Mile End – “No Excuse”

The Brampton, Ontario band Mile End has an extremely ’90s take on militant down-the-middle stomp-around hardcore, to the point where it’s disorienting to hear them screaming “you throw shade” on this song. Do people still say “throw shade”? Probably not, right? But Strife definitely weren’t saying that in 1997 or whatever, so this song makes me feel like I’ve been ripped out of the flow of time. Maybe that’s what I need. Maybe Mile End are here to help me escape this godforsaken linear march, to warp off into the chaotic slipstream of eternity. Fourth-dimensional hardcore is here to stay! [From Mile End, out now on New Morality Zine.]

Prevention – “Cessation”

Push! Back! Fuck yeah. Let’s go. In my way-too-many years on this planet, I have probably heard about a thousand variations on this exact kind of old-school fastball hardcore, and all of them are basically awesome. Prevention are the pride of an apparently-booming hyper-local scene in Springfield, Illinois, and they bring even more fire and energy to that exact same sonic blueprint, so it rules that much harder. [From 2024 Fall Promo, out now on Delayed Gratification Records.]

Ratking – “Down And Out”

This is not Wiki’s old New York rap group Ratking, which was at least hardcore-adjacent enough to tour with Trash Talk or whatever. It’s probably not the only hardcore band called Ratking, either. So that’s confusing. And really, that’s a gross name. Do any bands need to be called Ratking? I finally played The Last Of Us 2 a couple of months ago, and the level with the zombie ratking was so fucking stressful. All of this is to say: This Ratking, from Perth, already have a lot working against them from my standpoint just because of their name, and I think they rule anyway. The combination of snaky Joy Division-ass guitar riffs, black metal blastbeats, and the kind of vocals that basically demand gang-chant singalongs? That’s the shit I like. [Stand-alone single, self-released, out now.]

Senza – “Scrap The Waste”

Don’t even try to follow it. These Oregonian screamo freaks push their chosen genre all the way to its logical conclusion, which is just this seemingly-structureless all-elbows tangle of screeches and crunches and clatters, an abstract-expressionist ball of absolute chaos rolling downhill and crushing you.
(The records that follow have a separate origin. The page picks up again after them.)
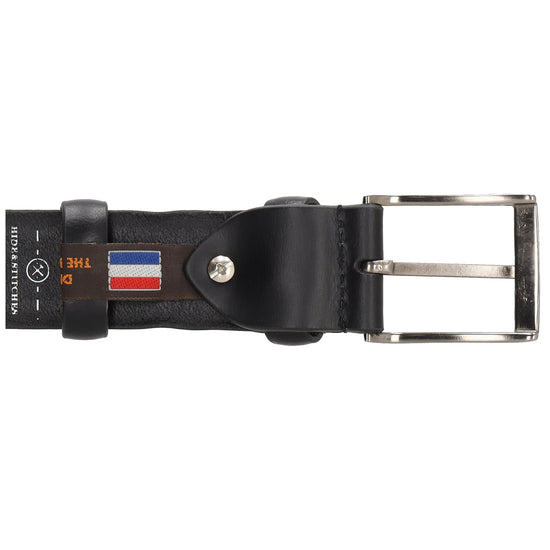 Schwarzer Ledergürtel Herren 3,5 cm – klassischer Businessgürtel - leder-accessoires.com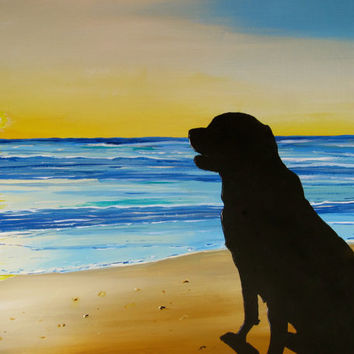 354x354 Shop Beach Sunset Acrylic Painting On Wanelo - Beach Sunset Painting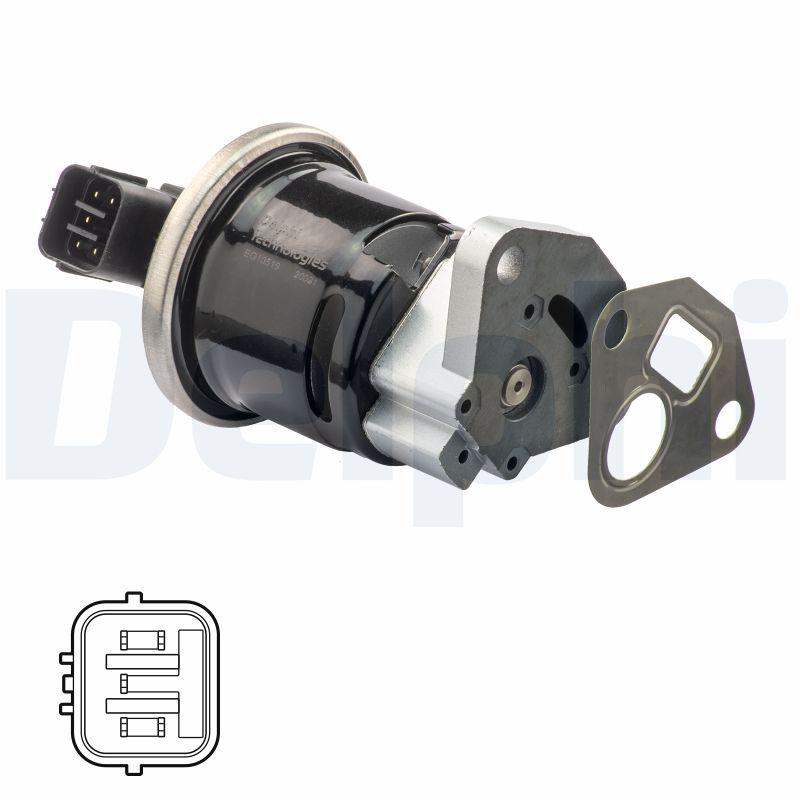 Vanne EGR DELPHI EG10519-12B1 - Visuel 1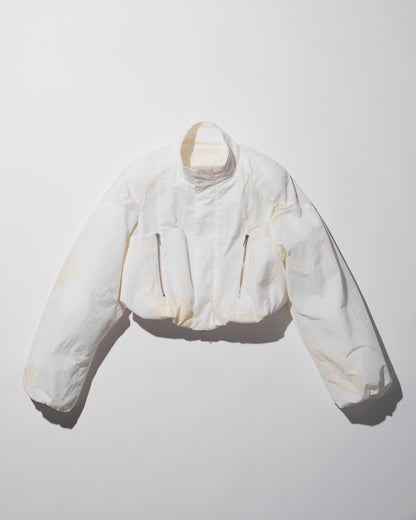 spider ﬂocky track jacket / M259BL02 - white - mukcyen online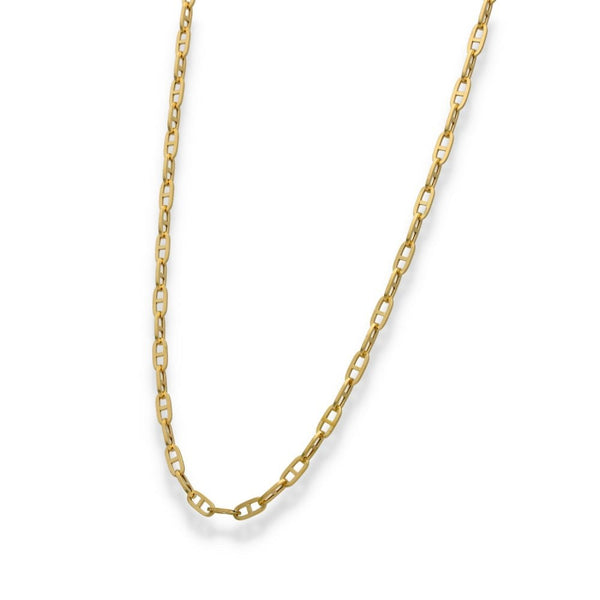 9ct Yellow Gold Fine Anchor Chain - 18" - 3.3g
Every once in a while, there will be a part that sounds vaguely pretty, and your brain will start to relax. But then that part will end at some haphazard, randomly chosen juncture that doesn’t even make musical sense, and then the bedlam sweeps over you again. So don’t try to figure it out. Just go with it. Let the fury engulf you. Bathe in it. Let it become part of you. [From Celestial Body EP, out now on Zegema Beach Records.]

Spy – “On The Brink”

This song came out on the day that the election results came in, and it almost seemed too on-the-nose. If I wasn’t already aware of Spy’s patented brand of fast-and-disgusting splatter-punk, I might think it was a joke. There’s no way that the members of Spy think too hard about electoral politics. That’s not the vibe that I get from this band at all. Instead, they just happened to pick the right day to release a track that sounds like you’re puking into the back of a box fan while it’s on, just spraying bile in every direction until it’s painted every wall in your house and you’ll never get the smell out. [Stand-alone single, out now on Closed Casket Activities.]

Whispers – “Retribution”

For the past few years, people have been talking about a few different currently-exploding hardcore scenes in Southeast Asia, and that’s just awesome. American bands are touring through Vietnam and Indonesia, and they’re posting absolutely insane footage of those shows. Bangkok’s Whispers must be the chosen ones, since I think they’re the band from any of those scenes to really bust out and tour Western countries. I get it. It’s not that Whispers are doing anything radically new. It’s that they’re taking the established heavy hardcore playbook and going all the way in on it. “Retribution” is a giant fucking epic, a song that might be playing in your head when you’re standing on a mountaintop and screaming at the sky as blood drips from your hands. How many fucking mosh parts does this song even have? We have so much to learn. [From Yom-Ma-Lok out, 12/13 on Flatspot Records.]